___ Provided records ___
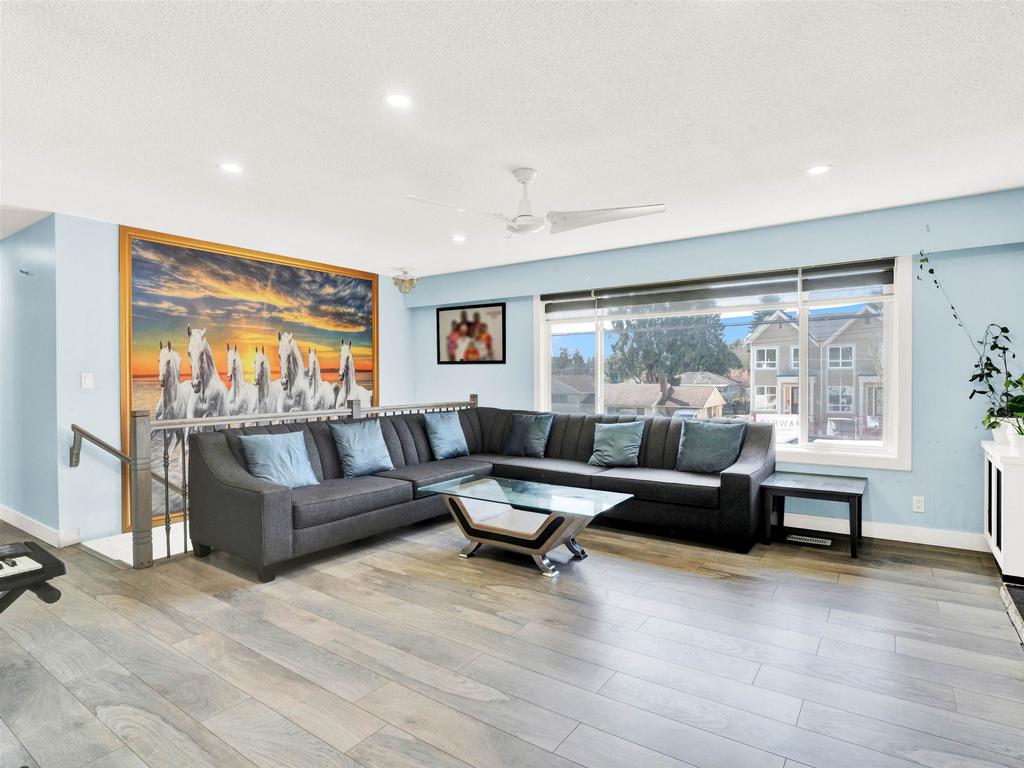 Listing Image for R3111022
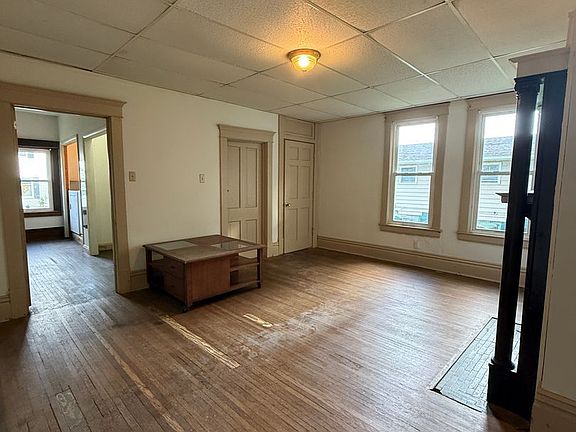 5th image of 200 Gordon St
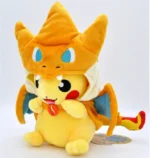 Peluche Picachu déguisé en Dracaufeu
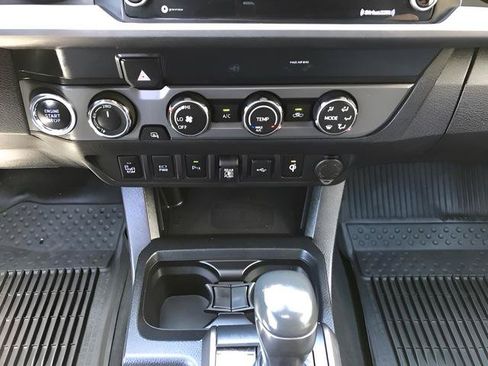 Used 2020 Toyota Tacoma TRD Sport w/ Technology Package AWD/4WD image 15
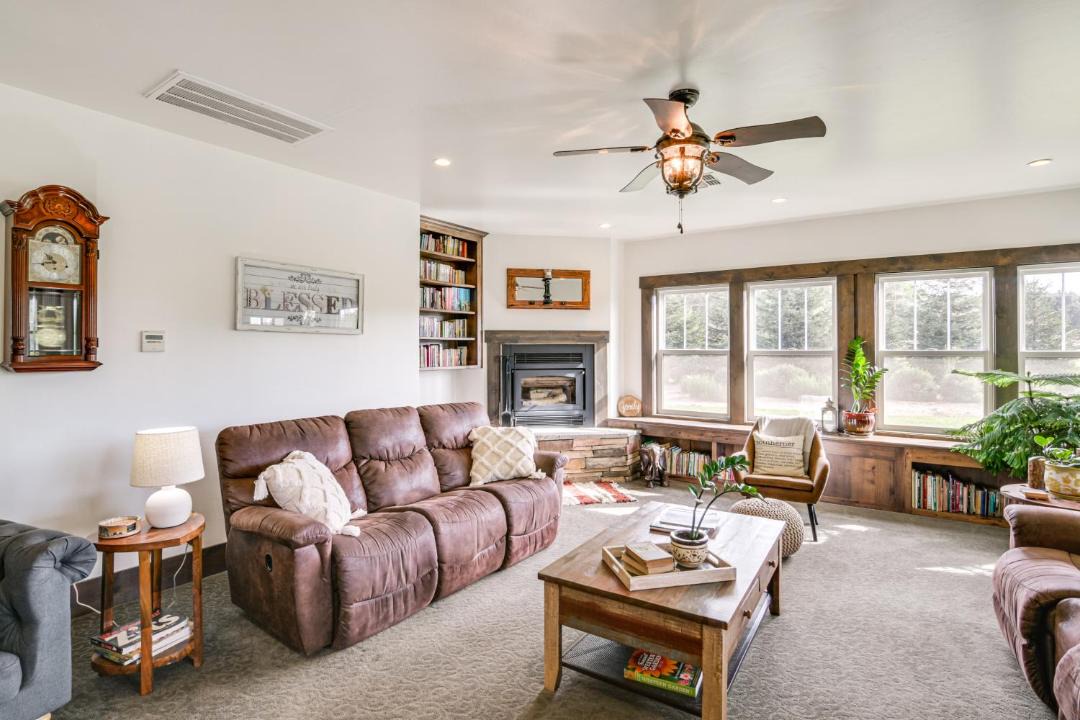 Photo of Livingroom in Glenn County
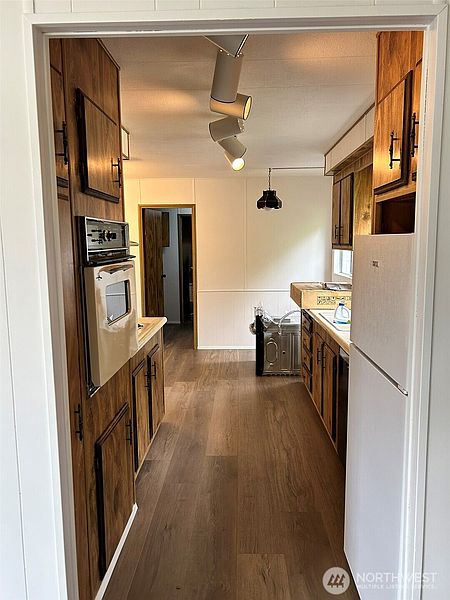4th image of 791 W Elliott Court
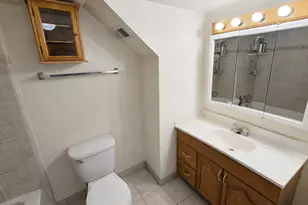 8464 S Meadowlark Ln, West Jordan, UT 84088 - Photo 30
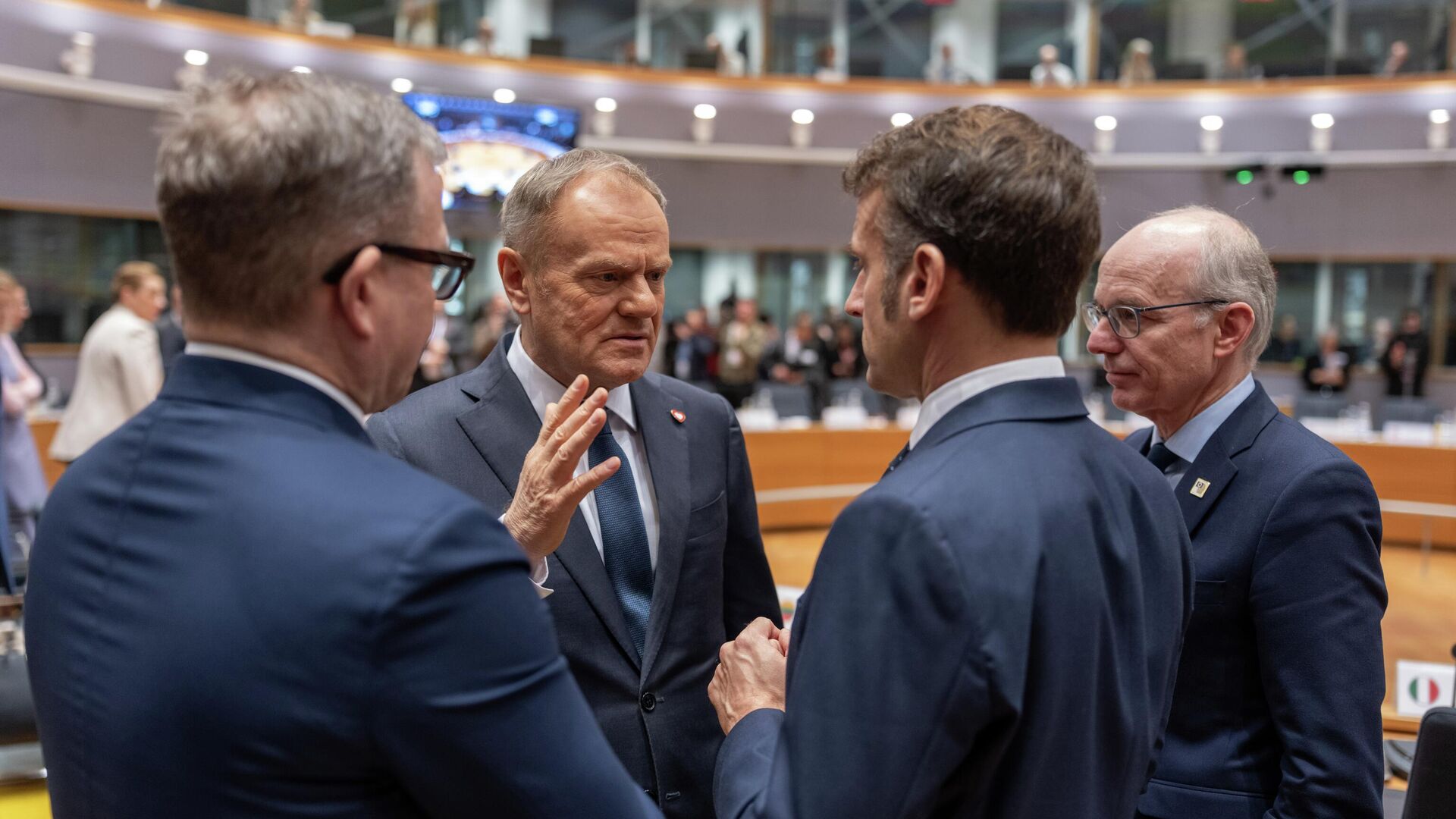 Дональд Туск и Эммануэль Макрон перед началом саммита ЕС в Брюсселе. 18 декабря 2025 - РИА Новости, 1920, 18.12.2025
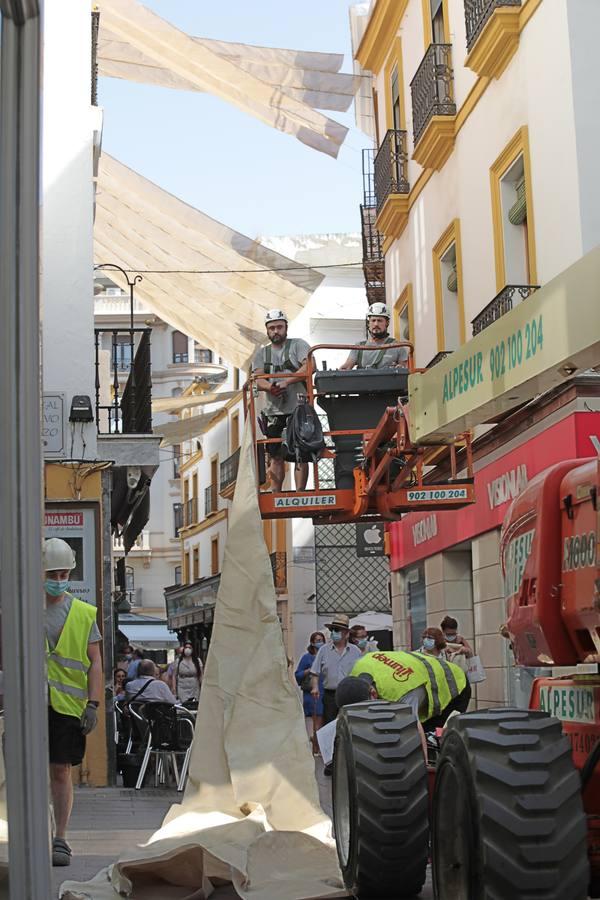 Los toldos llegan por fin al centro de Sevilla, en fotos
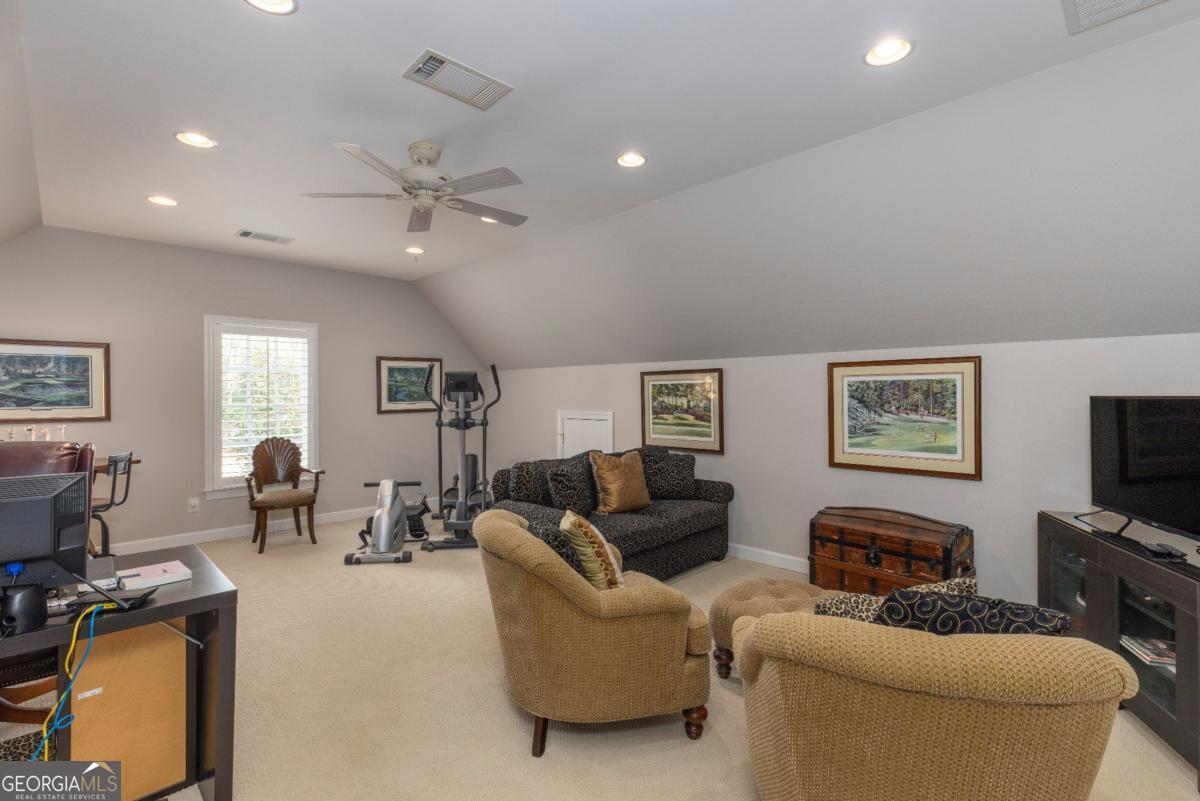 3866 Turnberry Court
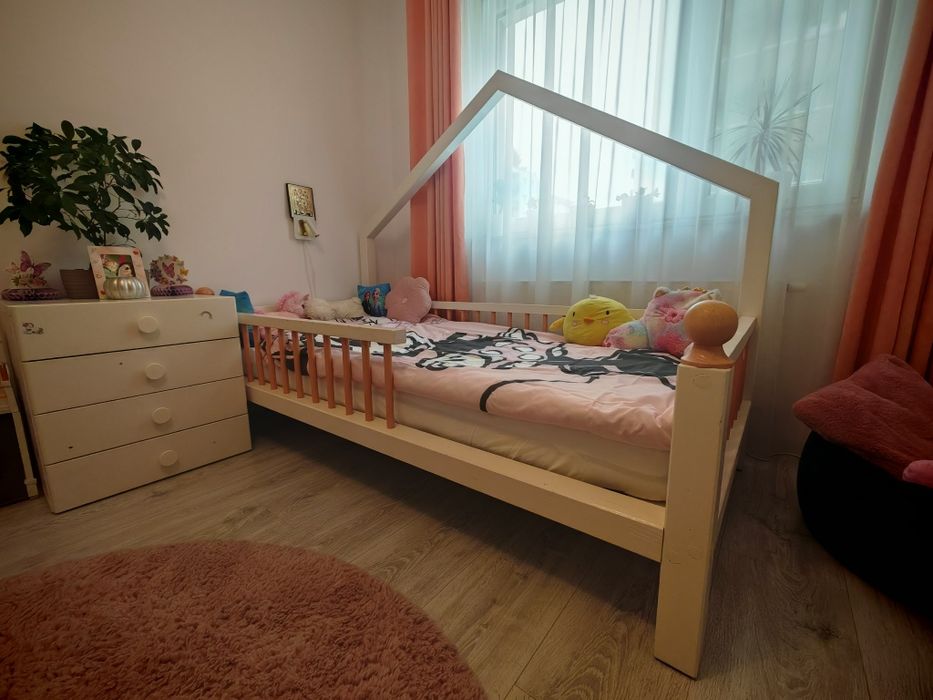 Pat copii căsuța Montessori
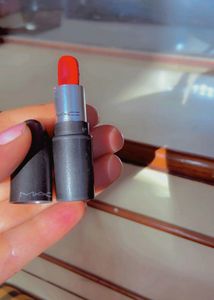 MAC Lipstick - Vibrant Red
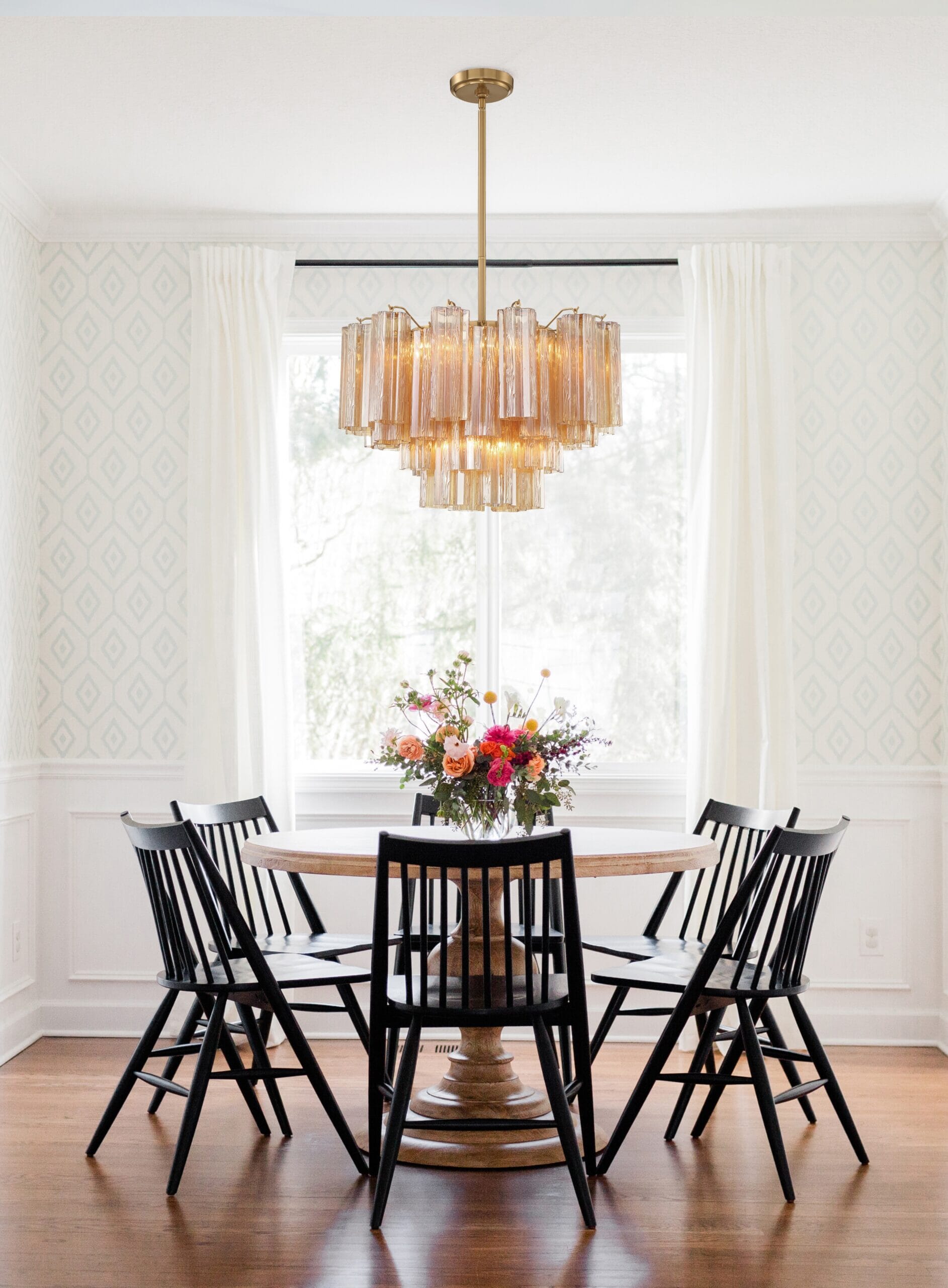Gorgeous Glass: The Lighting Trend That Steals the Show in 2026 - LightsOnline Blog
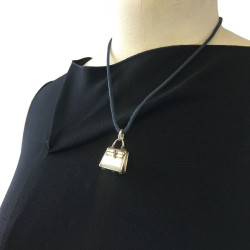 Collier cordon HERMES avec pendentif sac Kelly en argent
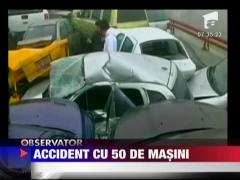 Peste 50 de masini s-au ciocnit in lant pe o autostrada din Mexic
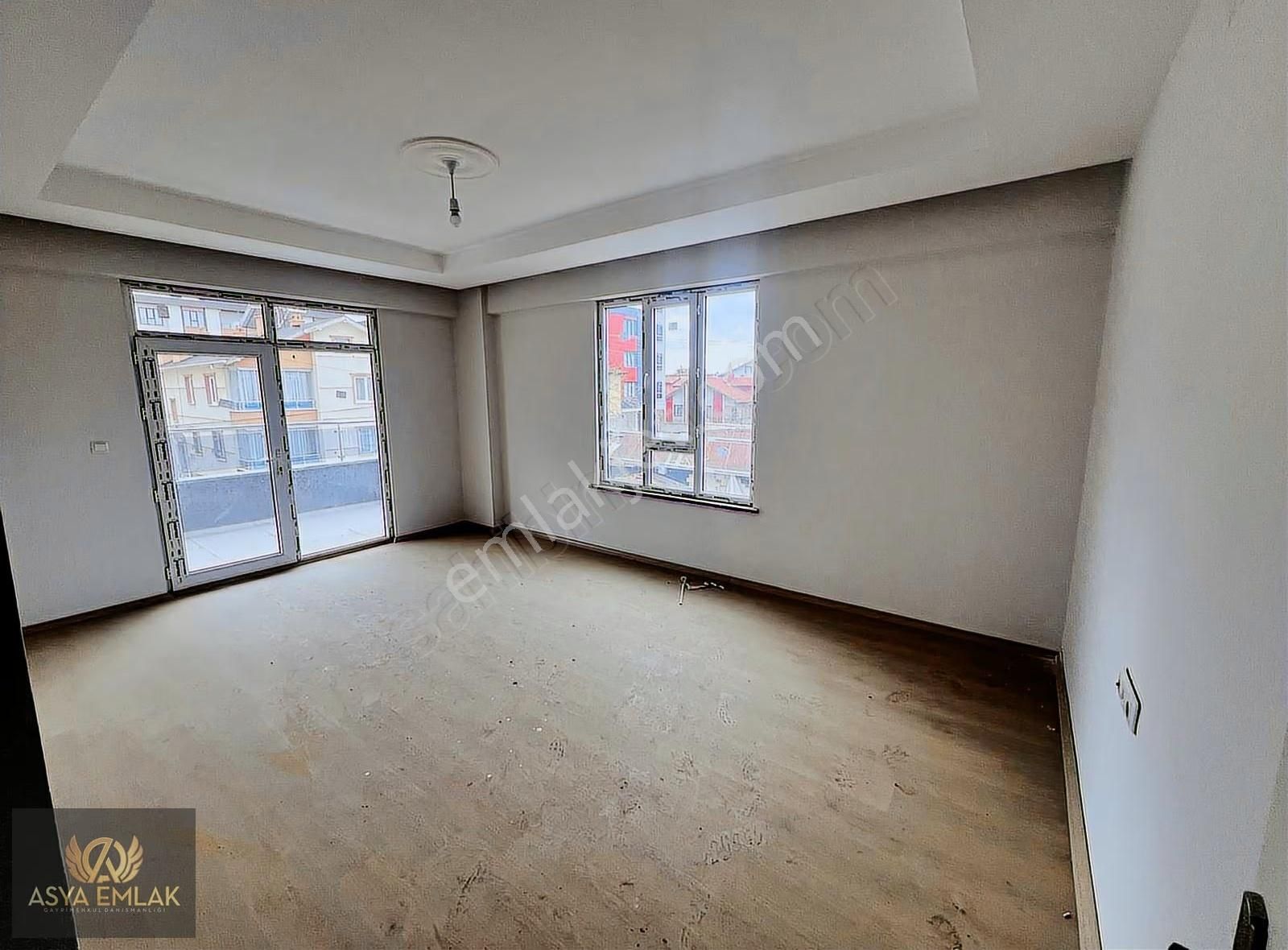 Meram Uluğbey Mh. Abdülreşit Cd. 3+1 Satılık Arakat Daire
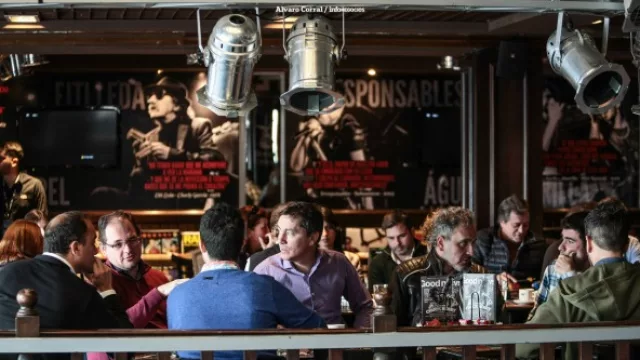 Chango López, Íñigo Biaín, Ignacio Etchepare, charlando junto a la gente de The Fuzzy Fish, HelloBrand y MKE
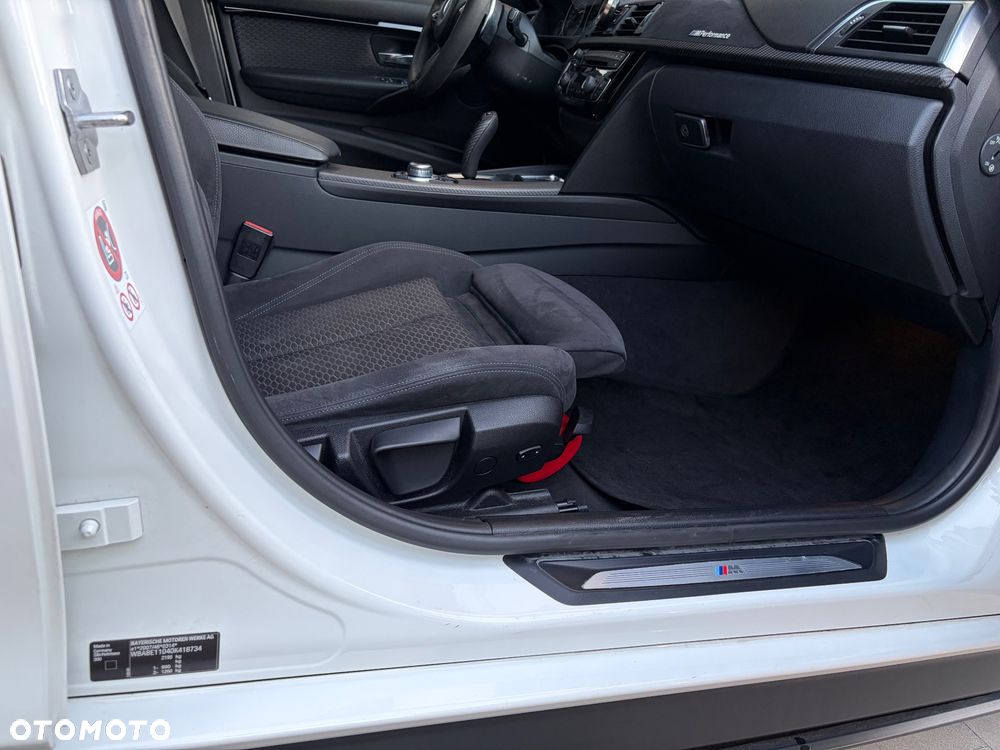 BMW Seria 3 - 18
___
| Goal of the exercise |
Among the records above, locate the line containing "Peluche Picachu déguisé en Dracaufeu" and the line containing "8464 S Meadowlark", then transcribe exactly the lines starting at the first and ending at the second, with no pictures.

| Answer |
 Peluche Picachu déguisé en Dracaufeu
 Used 2020 Toyota Tacoma TRD Sport w/ Technology Package AWD/4WD image 15
 Photo of Livingroom in Glenn County
4th image of 791 W Elliott Court
 8464 S Meadowlark Ln, West Jordan, UT 84088 - Photo 30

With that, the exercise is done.